Son désir d'améliorer le sort de l'humanité décuple son avidité pour la
lecture, en particulier pour les ouvrages de chimie, d'électricité, de
physique et de mécanique. « Ma surdité m'avait appris que presque
n'importe quel livre peut être agréable ou instructif ».
Employé télégraphiste
Télégraphe de Samuel Morse en 1838.
Toujours
en 1862, Thomas sauve héroïquement Jimmie MacKenzie, un enfant de trois
ans qui manque se faire écraser par un train, Jimmie étant le fils de
J.U. MacKenzie, chef de gare à Port Huron. Pour le remercier,
l'officier accepte de lui apprendre l'alphabet morse et l'utilisation
de son télégraphe durant deux mois de formation. Cette nouvelle
compétence-passion lui permet de trouver un emploi de télégraphiste à
Memphis. Son directeur remarque qu'Edison lit ou dort pendant son
travail, il lui ordonne d'envoyer toutes les demi-heures un message
morse pour attester qu'il travaille. Un jour, ce directeur se présente
à la cabine de télégraphie pour constater qu'Edison l'a dupé en
automatisant le transmetteur.
En 1866, âgé de 19 ans, il
emménage à Toronto au Canada et trouve un emploi
d'assistant-télégraphiste à la Western Union Company. Son travail
consiste à transmettre par télégraphe les messages reçus à chaque
heure. Il réalise alors sa première invention : il transforme son
télégraphe en « transmetteur-récepteur duplex automatique de code Morse
», capable de transmettre sur un même câble deux dépêches en sens
inverse, automatiquement sans intervention humaine, et dépose ainsi son
premier brevet. Continuant ses expériences pendant son travail, il
laisse échapper de l'acide sulfurique d'une batterie au plomb, acide
qui traverse le plancher et atterrit dans le bureau du directeur de la
compagnie qui le licencie sur le champ. Puis, il devient opérateur
télégraphiste, itinérant de ville en ville dans tout l'Est des
États-Unis.
En 1868, âgé de 21 ans, expert en télégraphie,
Thomas est embauché comme opérateur-télégraphiste de nuit à la Western
Union Company de Boston et travaille en parallèle sur plusieurs projets
d'inventions dont une machine de comptage automatique de vote qui n'est
pas retenue par le Congrès des États-Unis car jugée trop rapide… Il en
déduit un de ses futurs grands principes de base : « Never invent
something that people don't want » (ne jamais inventer quelque chose
dont les gens ne veulent pas).
En 1869, il tente sa chance à
New York, où il trouve une chambre de bonne dans les sous-sols de la
chaufferie de la Bourse de New York à Wall Street. Il dort à côté du
téléscripteur qui transmet les cours de l'or sur les marchés
financiers, et étudie cette machine de près. Il aide un jour le
télégraphiste de la Western Union à résoudre une panne importante et se
voit proposer une confortable place d'assistant de l'ingénieur en chef
de la Western Union de New York, aux appointements de 300 dollars, avec
pour mission d'améliorer le téléscripteur de la Bourse de New York.

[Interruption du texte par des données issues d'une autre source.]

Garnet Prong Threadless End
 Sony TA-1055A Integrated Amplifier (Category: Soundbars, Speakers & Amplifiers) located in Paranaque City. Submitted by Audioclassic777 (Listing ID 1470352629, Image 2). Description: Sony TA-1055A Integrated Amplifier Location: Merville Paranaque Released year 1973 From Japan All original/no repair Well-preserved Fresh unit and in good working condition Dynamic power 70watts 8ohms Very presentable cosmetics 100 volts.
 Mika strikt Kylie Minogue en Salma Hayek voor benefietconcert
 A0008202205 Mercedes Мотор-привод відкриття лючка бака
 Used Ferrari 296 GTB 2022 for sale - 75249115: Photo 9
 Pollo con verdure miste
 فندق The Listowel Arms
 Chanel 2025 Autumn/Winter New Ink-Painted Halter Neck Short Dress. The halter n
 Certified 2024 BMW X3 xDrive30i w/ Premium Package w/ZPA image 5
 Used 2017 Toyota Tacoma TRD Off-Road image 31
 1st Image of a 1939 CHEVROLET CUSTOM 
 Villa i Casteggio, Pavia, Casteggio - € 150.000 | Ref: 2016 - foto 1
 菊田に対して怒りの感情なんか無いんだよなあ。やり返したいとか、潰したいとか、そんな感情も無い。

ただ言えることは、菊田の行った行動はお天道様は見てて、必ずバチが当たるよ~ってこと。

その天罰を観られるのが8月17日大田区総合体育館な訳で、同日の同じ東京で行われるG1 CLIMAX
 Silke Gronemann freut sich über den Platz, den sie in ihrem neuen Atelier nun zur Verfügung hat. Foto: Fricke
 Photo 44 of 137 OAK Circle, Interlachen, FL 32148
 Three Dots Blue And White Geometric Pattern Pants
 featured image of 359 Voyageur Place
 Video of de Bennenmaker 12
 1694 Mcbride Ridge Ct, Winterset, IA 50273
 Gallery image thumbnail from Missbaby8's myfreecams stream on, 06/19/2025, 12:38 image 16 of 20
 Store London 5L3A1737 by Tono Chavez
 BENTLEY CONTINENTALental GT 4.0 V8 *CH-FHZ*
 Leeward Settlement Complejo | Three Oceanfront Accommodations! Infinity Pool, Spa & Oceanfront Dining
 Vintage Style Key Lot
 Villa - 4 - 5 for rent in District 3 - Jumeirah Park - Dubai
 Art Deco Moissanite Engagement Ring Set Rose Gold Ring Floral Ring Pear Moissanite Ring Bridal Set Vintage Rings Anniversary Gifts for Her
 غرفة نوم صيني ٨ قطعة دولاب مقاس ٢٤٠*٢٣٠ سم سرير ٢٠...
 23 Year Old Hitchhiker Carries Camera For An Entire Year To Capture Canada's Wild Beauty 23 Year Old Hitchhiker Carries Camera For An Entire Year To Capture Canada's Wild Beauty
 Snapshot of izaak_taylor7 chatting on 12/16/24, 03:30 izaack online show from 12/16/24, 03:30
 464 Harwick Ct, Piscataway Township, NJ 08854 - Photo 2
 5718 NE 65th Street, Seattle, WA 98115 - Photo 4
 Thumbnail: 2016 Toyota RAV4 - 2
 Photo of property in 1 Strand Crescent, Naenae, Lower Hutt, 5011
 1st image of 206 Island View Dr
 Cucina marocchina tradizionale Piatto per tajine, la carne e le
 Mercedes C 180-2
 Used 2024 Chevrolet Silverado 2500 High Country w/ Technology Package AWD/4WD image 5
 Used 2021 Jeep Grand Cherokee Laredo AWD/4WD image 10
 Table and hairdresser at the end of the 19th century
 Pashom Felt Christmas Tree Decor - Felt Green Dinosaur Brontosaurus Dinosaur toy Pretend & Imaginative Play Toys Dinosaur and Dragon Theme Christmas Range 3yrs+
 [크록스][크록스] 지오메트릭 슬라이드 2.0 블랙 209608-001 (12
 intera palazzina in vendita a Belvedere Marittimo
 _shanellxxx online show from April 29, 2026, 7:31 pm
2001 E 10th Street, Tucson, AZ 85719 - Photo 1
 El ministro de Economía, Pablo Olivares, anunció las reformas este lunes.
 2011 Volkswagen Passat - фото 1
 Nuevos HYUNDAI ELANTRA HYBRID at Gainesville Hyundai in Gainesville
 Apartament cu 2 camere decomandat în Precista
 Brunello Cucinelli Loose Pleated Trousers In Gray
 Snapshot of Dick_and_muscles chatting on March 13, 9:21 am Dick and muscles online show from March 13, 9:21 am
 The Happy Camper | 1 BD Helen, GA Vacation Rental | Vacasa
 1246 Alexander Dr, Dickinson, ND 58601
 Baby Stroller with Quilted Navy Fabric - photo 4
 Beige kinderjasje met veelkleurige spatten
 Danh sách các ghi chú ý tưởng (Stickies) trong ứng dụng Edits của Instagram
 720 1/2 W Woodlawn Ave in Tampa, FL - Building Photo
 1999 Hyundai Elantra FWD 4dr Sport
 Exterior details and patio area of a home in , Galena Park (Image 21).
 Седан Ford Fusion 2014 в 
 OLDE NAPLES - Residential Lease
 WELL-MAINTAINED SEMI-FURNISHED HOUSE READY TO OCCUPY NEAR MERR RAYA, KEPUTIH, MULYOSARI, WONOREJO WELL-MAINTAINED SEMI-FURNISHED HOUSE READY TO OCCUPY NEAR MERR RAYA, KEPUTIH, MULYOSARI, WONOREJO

Parallèlement, il étudie à la Cooper Union qui lui permet, grâce à des
cours gratuits, d'augmenter ses connaissances en chimie.
Patron d'entreprise
En
1874 avec les 40 000 dollars récoltés de son télégraphe multiplexé, il
fonde son entreprise industrielle de « Menlo Park », avec des
laboratoires de recherche à Newark dans le New Jersey près de New York.
Il est précurseur de la recherche industrielle moderne appliquée, avec
deux associés et une équipe de 60 chercheurs salariés (au lieu de
chercheurs isolés). Il supervise jusqu'à 40 projets en même temps, et
dépose jusqu'à 400 brevets par an[réf. nécessaire] (et au total 1 074).
Thomas Edison vit dans son laboratoire et ne dort que quatre heures. Il
dit être capable de travailler 48 heures, voire 72 heures d'affilée.
En
1887, Edison s'installe à West Orange dans le New Jersey près de New
York, pour multiplier par neuf la taille de ses laboratoires de
recherche, sur un immense complexe industriel comportant 14 bâtiments,
dont 6 consacrés à la recherche et au développement, une usine de
fabrique d'ampoules, une centrale de production électrique, une
bibliothèque et plus de 5 000 employés sur le site.
Dernières années
Lors
de la Première Guerre mondiale, Edison conçoit et fait fonctionner des
usines chimiques et il est nommé président du comité consultatif de la
marine américaine.
En 1930, âgé de 83 ans, il mène encore
des tests sur 17 000 plantes pour produire de la gomme synthétique. La
même année, il dépose son dernier brevet.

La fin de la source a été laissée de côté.